Recognising Web Page Features

Client : Confidential

price-scraper

The Problem

Our client uses web spiders to crawl the Internet to retrieve products and their prices.  This generally involved software development to crawl through the pages of a given web site, to recognise the pages which are products (and which aren’t) and then to identify the product name and price to add to their search engine. Each web spider, for each individual web site, was built on an open source framework but had to be customised by software developers to extract data from that particular site. Since web site structure can vary significantly the code for each spider had to be modified for the unique structure of a web site. For a large number of web sites this can prove costly and requires more software engineers as the number of sites increased. Also since sites sometimes changed structure code had to be modified when any changes were made to a specific web site.

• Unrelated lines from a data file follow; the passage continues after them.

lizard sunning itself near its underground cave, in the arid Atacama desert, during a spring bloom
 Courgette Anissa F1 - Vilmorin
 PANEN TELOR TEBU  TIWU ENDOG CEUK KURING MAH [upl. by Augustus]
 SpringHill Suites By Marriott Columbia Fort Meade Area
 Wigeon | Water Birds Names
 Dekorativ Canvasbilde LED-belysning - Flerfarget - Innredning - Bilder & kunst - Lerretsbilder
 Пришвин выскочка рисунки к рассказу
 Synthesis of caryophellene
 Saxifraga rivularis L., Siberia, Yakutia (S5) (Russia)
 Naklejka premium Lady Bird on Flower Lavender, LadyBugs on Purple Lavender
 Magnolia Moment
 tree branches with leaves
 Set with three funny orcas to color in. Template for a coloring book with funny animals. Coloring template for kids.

The issue was that each web site containing products was different from other web sites. For example, product names and product prices can appear in different positions on a page as can prices. Sometimes there are also multiple prices on a page for items like delivery or to show a discount. The client determined that each web site would require custom programming due to these differences.

We were able to suggest a machine learning approach to the problem.

The Solution

Our solution to this client problem was to take away the reliance on software engineers to build scripts for every web site by automating the process of recognising products and their prices so that scripts for crawling web sites could be built automatically.

This was done by first training a classification machine learning algorithm to recognise the difference between product pages and non-product pages based on a number of example pages. The algorithm achieved a high degree of accuracy in determining which pages on a given e-commerce site were product pages and which were not.

This machine learning system then feeds product pages to a second classification system which had be trained to learn how to recognise product names and product prices from the page.  Product names and prices are then extracted for storage in a web search system.

The system cuts the time to incorporate product from a new website by more than 90% and allows a far larger number of sites to be crawled, at a lower cost, than the previous hand coded solution.